The magnetic element may provide for a proper position of the coupling section with respect to another coupling section or element.

It is understood that the magnetic element also includes a ferromagnetic element or magnetic pieces, as for example neodyme magnets. "Magnetic pull" shall include an attractive or repellent force depending on the orientation of the magnetic field with respect to another magnetic field or an ferromagnetic element.

For example, the handling section is suitable for being gripped and operated by a user of the cooktop. The base section, for example, covers an opening in a top plate of the cooktop, so that spills, such as liquids or particles, cannot enter the cooktop or appliance through the opening.

It is an advantage of the control element that its height can be reduced with respect to conventional control knobs. The combination of the mechanic coupling with the magnetic coupling allows for a reduction in the aspect ratio of the overall height, in particular a height above a corresponding top plate and its radial extension, as for example the diameter of the base section.
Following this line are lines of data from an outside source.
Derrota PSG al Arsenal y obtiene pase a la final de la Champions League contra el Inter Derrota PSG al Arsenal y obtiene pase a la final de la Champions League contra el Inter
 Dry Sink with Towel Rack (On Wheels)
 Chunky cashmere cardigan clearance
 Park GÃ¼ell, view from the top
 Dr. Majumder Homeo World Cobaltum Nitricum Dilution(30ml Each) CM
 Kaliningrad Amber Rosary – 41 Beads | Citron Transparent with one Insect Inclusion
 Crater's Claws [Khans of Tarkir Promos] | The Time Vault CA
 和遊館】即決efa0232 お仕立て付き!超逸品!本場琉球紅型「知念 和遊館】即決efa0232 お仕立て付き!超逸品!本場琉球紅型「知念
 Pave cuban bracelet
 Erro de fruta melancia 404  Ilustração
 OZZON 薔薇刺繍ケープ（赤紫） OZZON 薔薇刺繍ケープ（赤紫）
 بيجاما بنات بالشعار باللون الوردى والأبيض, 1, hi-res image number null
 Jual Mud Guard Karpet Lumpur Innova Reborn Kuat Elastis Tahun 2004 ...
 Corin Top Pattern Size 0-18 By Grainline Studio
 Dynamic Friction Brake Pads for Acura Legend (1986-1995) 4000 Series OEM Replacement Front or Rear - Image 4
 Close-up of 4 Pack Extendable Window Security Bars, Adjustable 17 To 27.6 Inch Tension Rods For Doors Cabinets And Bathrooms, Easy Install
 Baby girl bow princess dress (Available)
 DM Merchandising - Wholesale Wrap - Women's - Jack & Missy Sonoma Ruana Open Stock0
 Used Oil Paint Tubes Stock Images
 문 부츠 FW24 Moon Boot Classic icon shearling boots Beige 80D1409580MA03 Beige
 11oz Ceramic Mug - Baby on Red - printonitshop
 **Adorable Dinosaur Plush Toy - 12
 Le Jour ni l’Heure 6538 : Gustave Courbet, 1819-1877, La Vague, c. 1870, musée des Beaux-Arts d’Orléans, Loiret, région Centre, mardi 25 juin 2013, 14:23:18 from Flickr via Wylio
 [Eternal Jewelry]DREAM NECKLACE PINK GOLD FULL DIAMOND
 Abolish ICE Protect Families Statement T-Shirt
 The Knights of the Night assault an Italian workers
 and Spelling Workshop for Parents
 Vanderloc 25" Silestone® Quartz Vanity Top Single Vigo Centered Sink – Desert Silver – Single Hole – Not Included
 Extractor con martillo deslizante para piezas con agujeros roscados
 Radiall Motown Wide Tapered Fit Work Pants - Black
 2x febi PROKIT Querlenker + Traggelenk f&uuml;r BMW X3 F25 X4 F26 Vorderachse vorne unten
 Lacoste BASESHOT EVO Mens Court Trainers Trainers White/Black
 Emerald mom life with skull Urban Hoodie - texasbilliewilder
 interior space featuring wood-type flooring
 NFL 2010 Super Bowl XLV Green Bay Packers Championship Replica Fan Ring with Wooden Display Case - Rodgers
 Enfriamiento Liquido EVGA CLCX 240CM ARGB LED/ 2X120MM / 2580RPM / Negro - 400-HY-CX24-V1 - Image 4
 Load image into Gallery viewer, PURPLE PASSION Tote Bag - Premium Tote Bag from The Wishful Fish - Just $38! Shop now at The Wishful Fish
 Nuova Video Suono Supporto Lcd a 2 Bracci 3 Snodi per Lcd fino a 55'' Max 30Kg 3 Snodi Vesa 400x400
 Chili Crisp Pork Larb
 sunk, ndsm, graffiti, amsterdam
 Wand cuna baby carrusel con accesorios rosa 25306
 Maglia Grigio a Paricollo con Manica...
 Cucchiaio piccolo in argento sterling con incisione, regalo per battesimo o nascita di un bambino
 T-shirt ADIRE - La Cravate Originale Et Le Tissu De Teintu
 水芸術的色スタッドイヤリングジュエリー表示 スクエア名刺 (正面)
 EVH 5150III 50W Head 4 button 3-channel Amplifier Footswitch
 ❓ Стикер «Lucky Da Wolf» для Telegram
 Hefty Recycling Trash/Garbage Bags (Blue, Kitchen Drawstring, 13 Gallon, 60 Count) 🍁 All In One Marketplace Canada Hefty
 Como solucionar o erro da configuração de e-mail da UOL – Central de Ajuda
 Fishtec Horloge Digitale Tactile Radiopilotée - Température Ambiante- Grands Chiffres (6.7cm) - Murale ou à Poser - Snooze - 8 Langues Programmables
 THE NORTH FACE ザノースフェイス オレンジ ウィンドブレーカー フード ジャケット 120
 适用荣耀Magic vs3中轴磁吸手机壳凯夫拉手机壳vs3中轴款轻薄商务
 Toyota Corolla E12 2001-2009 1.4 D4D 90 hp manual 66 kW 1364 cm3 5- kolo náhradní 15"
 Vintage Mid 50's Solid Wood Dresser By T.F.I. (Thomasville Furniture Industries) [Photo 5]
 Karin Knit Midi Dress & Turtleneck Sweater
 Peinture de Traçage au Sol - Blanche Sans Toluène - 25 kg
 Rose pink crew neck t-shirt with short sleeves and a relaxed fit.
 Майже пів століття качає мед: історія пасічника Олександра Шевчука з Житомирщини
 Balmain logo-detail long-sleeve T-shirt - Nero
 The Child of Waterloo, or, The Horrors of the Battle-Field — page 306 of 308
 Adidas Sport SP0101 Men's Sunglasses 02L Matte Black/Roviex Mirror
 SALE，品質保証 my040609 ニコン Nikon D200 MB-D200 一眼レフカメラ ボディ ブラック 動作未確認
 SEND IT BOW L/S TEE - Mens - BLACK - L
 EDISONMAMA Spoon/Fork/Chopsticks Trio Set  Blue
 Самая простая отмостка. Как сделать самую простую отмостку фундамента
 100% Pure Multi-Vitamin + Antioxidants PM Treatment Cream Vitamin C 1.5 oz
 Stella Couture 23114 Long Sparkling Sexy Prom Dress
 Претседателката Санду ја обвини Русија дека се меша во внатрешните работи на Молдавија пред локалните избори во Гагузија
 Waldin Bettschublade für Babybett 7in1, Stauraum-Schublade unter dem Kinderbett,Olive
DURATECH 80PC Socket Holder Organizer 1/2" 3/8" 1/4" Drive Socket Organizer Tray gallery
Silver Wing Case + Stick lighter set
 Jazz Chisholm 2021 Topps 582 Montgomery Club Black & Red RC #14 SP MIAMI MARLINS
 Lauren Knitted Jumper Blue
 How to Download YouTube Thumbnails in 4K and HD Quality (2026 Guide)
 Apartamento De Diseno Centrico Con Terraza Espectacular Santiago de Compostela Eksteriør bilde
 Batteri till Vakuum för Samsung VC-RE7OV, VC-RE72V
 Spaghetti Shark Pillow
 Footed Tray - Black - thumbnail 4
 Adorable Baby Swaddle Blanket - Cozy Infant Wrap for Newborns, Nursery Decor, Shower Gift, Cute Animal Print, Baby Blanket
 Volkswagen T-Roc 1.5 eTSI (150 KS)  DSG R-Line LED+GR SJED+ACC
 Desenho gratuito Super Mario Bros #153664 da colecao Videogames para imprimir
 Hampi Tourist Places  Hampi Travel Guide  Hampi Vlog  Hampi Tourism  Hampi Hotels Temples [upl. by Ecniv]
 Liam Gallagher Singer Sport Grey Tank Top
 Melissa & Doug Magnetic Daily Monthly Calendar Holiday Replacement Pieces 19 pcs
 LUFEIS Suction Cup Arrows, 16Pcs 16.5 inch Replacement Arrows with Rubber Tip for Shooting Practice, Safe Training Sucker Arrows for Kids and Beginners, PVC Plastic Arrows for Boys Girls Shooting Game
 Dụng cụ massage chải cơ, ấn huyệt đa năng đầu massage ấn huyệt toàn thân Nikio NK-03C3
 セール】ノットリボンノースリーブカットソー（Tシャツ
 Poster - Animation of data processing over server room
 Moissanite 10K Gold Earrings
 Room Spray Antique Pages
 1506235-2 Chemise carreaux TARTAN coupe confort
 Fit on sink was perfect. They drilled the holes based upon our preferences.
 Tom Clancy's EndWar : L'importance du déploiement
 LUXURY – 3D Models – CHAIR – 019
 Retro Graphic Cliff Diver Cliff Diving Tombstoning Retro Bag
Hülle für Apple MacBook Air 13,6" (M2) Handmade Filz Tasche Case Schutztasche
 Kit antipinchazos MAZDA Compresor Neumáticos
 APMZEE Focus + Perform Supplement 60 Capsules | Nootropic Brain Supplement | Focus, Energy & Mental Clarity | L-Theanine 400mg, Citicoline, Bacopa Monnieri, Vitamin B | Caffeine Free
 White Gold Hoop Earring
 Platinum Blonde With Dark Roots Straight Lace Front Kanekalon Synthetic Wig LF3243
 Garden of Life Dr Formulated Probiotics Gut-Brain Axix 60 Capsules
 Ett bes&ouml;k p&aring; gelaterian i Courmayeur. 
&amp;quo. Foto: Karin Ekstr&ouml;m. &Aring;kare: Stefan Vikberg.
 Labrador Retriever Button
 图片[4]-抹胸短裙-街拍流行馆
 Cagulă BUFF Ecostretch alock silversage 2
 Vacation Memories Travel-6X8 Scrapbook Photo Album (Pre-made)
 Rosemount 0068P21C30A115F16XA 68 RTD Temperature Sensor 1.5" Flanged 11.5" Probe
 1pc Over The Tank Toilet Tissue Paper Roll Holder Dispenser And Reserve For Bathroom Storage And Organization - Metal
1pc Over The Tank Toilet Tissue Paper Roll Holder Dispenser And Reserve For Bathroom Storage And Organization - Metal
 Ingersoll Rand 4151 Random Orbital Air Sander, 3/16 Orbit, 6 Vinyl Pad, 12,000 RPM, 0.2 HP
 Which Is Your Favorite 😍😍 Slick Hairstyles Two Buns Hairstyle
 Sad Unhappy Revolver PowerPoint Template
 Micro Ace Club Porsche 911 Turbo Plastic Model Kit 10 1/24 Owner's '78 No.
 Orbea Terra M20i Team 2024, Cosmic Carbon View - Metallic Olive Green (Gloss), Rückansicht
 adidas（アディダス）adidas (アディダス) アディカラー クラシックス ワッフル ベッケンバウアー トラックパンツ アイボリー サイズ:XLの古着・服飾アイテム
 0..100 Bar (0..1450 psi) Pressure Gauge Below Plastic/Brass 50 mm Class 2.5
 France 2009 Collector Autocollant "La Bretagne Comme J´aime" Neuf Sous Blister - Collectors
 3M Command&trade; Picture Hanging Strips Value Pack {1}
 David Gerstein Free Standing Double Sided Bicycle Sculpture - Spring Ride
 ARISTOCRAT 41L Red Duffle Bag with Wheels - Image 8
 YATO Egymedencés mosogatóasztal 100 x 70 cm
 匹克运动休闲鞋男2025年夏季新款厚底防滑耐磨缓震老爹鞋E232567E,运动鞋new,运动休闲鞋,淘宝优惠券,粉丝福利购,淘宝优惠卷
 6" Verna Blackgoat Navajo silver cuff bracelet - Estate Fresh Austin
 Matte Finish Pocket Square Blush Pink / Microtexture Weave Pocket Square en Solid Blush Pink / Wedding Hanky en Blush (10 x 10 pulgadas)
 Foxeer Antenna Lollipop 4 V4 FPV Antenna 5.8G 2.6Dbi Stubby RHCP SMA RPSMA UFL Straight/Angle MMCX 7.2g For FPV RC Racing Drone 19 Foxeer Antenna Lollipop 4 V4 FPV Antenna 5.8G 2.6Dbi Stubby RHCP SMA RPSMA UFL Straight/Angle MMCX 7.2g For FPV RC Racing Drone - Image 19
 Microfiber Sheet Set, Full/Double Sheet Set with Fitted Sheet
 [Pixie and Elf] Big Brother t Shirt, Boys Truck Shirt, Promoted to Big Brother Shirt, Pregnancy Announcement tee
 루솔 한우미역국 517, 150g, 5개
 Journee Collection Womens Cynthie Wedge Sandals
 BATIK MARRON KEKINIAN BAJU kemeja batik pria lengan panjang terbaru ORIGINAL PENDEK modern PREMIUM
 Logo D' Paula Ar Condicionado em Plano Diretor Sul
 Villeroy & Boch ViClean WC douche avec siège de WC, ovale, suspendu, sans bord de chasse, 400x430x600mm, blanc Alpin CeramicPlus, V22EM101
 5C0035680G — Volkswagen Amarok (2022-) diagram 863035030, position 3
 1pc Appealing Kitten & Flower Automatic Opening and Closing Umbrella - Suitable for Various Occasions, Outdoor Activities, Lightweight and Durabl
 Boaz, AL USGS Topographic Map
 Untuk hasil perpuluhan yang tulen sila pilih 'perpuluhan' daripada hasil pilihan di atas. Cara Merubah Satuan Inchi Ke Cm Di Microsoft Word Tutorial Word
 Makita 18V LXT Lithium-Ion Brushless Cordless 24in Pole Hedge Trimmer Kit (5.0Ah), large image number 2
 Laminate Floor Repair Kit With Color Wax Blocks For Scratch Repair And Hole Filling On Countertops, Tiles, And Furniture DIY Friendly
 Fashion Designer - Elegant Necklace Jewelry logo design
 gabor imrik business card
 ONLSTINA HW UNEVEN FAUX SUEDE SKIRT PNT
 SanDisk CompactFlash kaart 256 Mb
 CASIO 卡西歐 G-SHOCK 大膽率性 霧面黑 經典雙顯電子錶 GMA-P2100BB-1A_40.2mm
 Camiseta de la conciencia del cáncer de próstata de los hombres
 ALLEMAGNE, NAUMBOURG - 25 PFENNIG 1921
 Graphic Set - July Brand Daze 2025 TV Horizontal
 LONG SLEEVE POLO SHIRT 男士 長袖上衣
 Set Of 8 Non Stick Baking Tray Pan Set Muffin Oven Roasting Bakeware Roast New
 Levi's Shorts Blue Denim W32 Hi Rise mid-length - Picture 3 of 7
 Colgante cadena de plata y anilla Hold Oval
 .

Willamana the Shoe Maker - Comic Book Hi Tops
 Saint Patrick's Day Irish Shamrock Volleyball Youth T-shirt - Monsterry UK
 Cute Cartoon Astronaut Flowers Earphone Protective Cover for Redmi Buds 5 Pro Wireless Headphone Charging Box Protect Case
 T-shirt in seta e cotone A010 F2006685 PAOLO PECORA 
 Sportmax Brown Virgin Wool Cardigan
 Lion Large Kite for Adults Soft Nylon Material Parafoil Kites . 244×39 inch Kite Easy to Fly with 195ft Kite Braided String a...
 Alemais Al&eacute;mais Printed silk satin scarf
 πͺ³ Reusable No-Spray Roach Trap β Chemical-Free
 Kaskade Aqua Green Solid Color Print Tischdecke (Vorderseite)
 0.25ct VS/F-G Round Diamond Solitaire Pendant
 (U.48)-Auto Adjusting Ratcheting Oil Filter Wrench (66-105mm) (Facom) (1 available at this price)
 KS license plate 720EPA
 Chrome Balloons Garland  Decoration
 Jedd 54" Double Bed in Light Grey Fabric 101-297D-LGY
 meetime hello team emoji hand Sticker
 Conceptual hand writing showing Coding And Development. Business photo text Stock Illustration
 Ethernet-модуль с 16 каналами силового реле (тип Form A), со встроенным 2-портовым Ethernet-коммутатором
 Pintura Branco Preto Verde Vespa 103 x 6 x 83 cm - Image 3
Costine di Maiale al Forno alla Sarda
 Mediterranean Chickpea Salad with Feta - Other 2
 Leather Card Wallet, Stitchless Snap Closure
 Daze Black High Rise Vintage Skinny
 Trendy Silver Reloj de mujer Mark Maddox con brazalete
In embodiments, the magnetic elements are implemented to generate an asymmetric magnetic field with respect to a center axis of the control element.

The control element may include an axial extension and a radial extension. One may consider the axial extension colinear with a rotational axis of a handling section under use of the control element. Using an asymmetric magnetic field, magnetic forces can be created that put the control element into place with respect to a reference magnetic field, which is, for example, implemented in a fixed fashion at the gas cooktop. One may obtain a poka-yoke functionality in order to ensure the correct control element position with respect to a further coupling element. In an embodiment of the control element, the coupling section comprises a receptacle or compartment for accommodating the at least one magnetic element. For example, the receptacle can have a lateral opening into which a magnetic piece or element can be inserted. Preferably, a receptacle receives the magnetic elements or a plurality of magnetic elements in a fixed fashion.

In embodiments, the recess is an elongated recess, as, for example, a gap, a slit or a notch. In embodiments, the protrusion is an elongated protrusion, in a particular an index, a rib, a fin or a ridge.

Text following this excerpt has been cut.